- WORK REQUEST -
Below are some entries. Transcribe the lines from the one holding "One-bedroom flat For Sale, Ilford, IG3" to the one holding "Седан Audi A4 2016 в", inclusive, but not the pictures among them.

- RECORDED DATA -
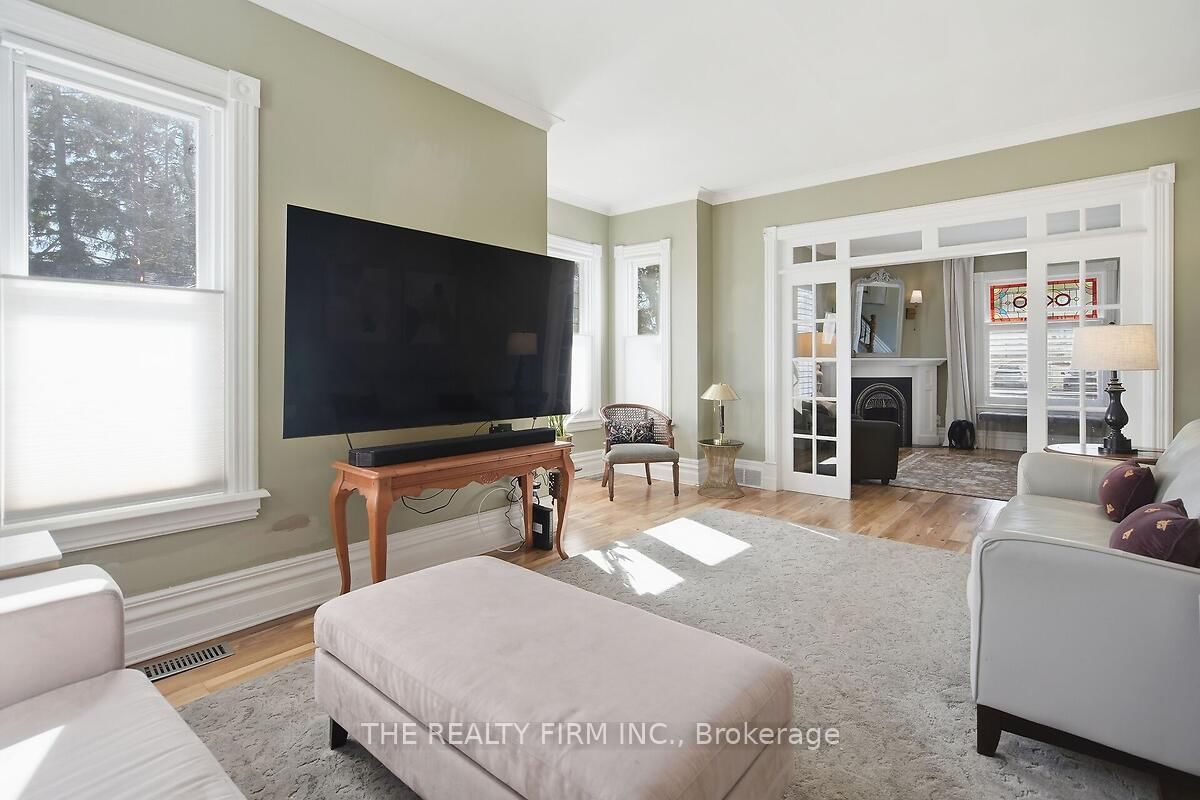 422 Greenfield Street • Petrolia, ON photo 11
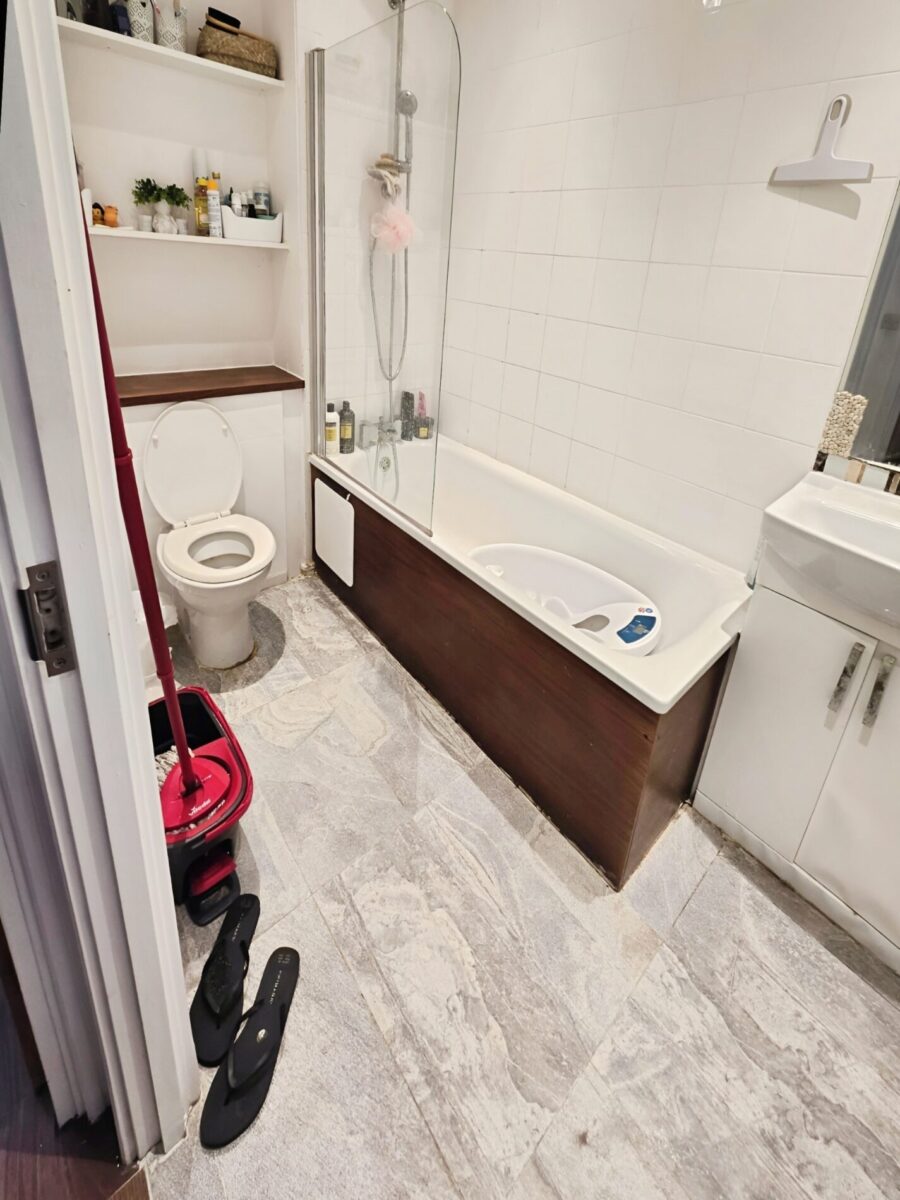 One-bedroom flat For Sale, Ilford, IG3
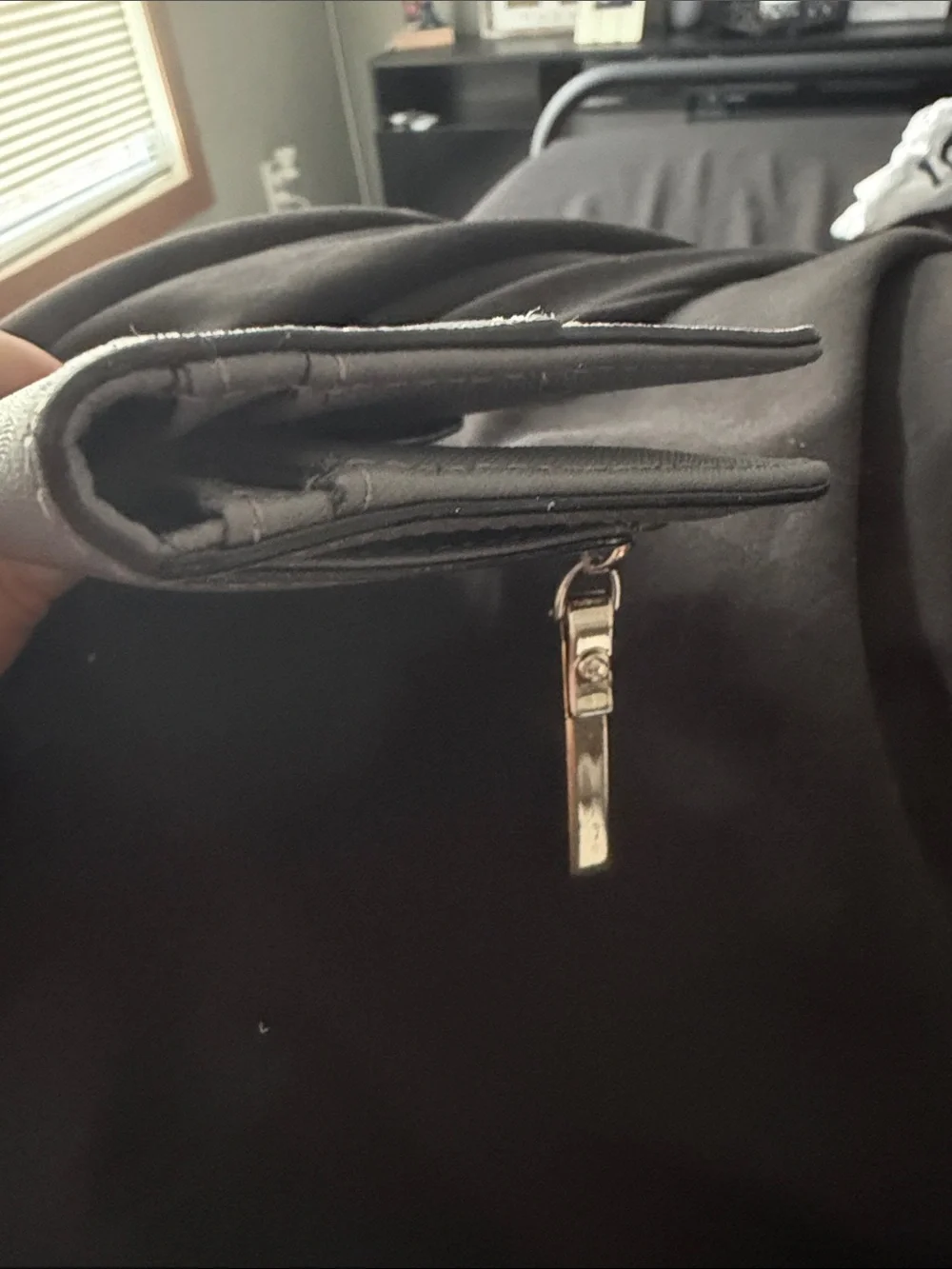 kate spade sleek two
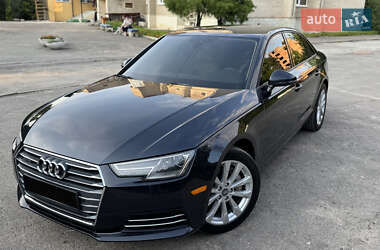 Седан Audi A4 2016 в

* * *

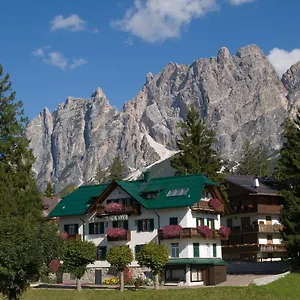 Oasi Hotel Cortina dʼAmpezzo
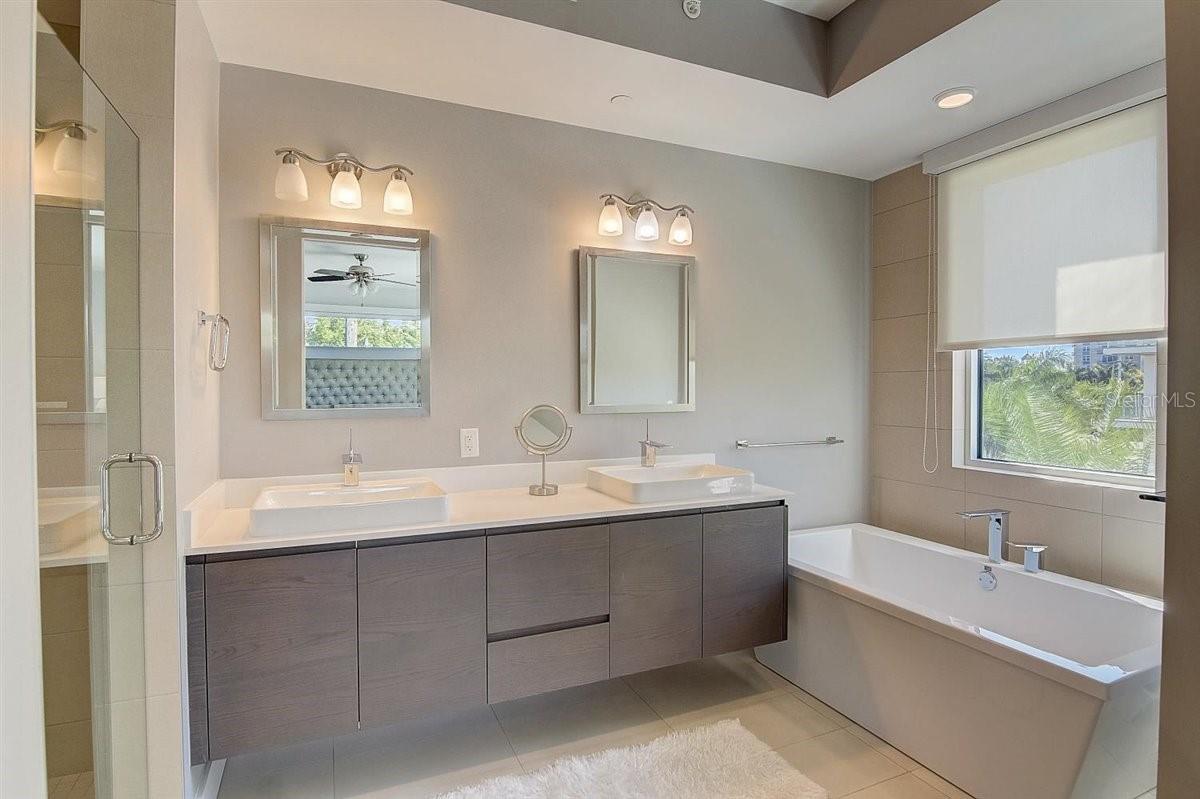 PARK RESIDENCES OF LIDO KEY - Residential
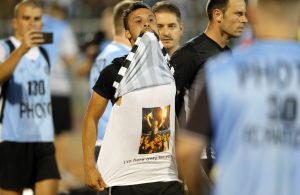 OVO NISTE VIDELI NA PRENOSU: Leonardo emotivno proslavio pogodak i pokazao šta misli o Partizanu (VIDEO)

- EXERCISE RESULT -
 One-bedroom flat For Sale, Ilford, IG3
 kate spade sleek two
 Седан Audi A4 2016 в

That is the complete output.